-- Assignment --
A verbatim transcription of the listing below is required, without its pictures.

-- Data block --
════════════════

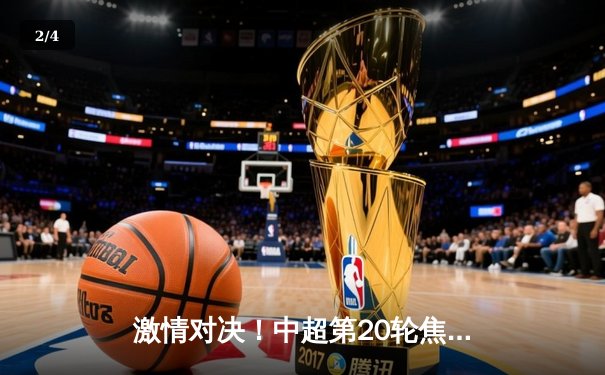 激情对决！中超第20轮焦点战：山东泰山3-2逆转上海海港，克雷桑梅开二度闪耀全场 - 2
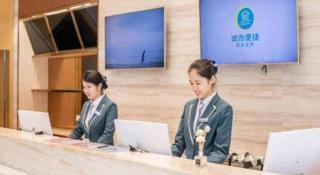 City Comfort Inn Hengyang Shigu Shuyuan - 3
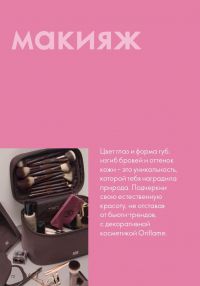 Смотреть следующий каталог Oriflame № 01 2026 года - Страница 72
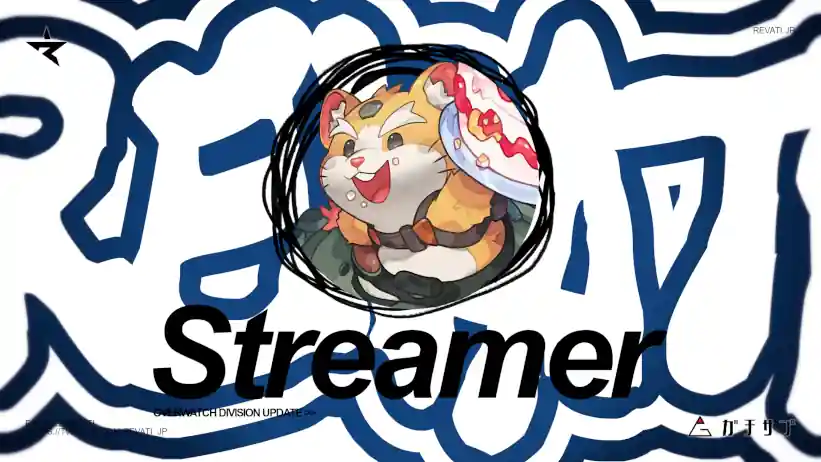 記事のサムネイル画像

════════════════

-- Expected output --
 激情对决！中超第20轮焦点战：山东泰山3-2逆转上海海港，克雷桑梅开二度闪耀全场 - 2
 City Comfort Inn Hengyang Shigu Shuyuan - 3
 Смотреть следующий каталог Oriflame № 01 2026 года - Страница 72
 記事のサムネイル画像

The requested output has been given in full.